In response to the request for info about these two resorts, I can say Durango is in the center of the smallish but lively city of Durango, CO, highlighting the Durango/Silverton Narrow Gauge Railroad. Pagosa Springs is an hour east of Durango, and the resort is a few miles outside the (smaller) city of Pagosa Springs, located on a small lake and golf course. It's a very family-friendly resort with a variety of on-site activities and others in the area, especially the actual Pagosa Springs. Pagosa has different types of units in various purpose-built buildings, while Durango's units are all the same in a converted hotel.
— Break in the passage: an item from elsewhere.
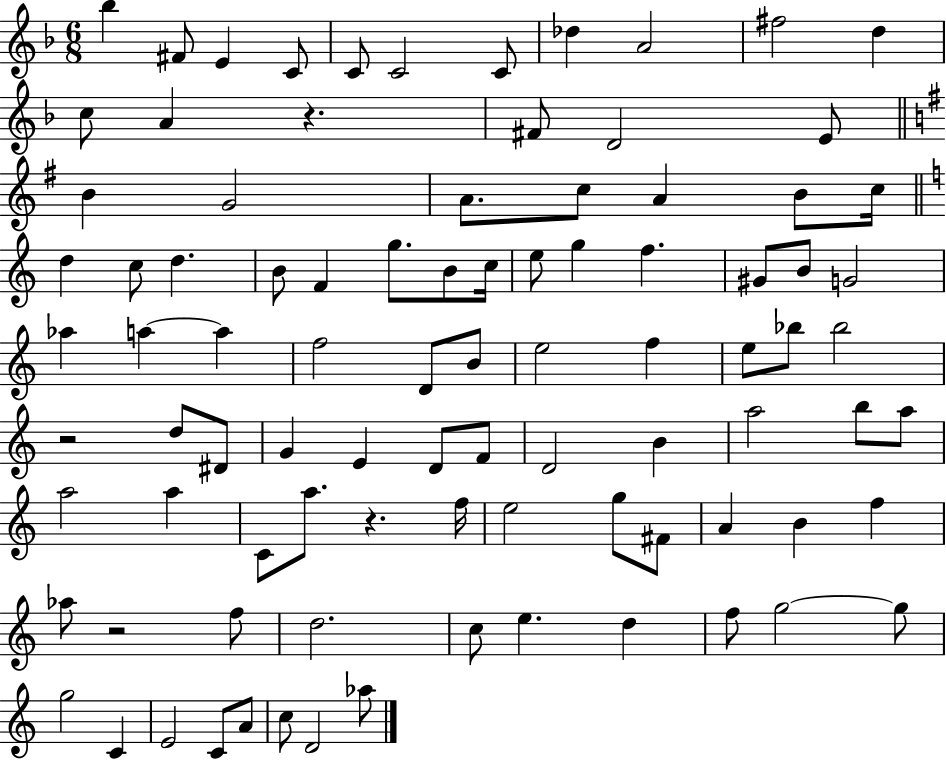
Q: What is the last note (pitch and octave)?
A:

Both resorts offer activities to Southwest attractions such as Mesa Verde, river rafting, and mountain trips. Weather is warm in summer and turns cool in September, with night lows always dipping ~30 degrees due to the altitude. Durango Mountain Ski Resort is ~20 miles from the city, and Pagosa is ~1 hr from Wolf Creek ski area (usually more snow and longer season).
We officially own at Durango but also get priority at Pagosa as a sort of partner resort. Hope this helps!


----------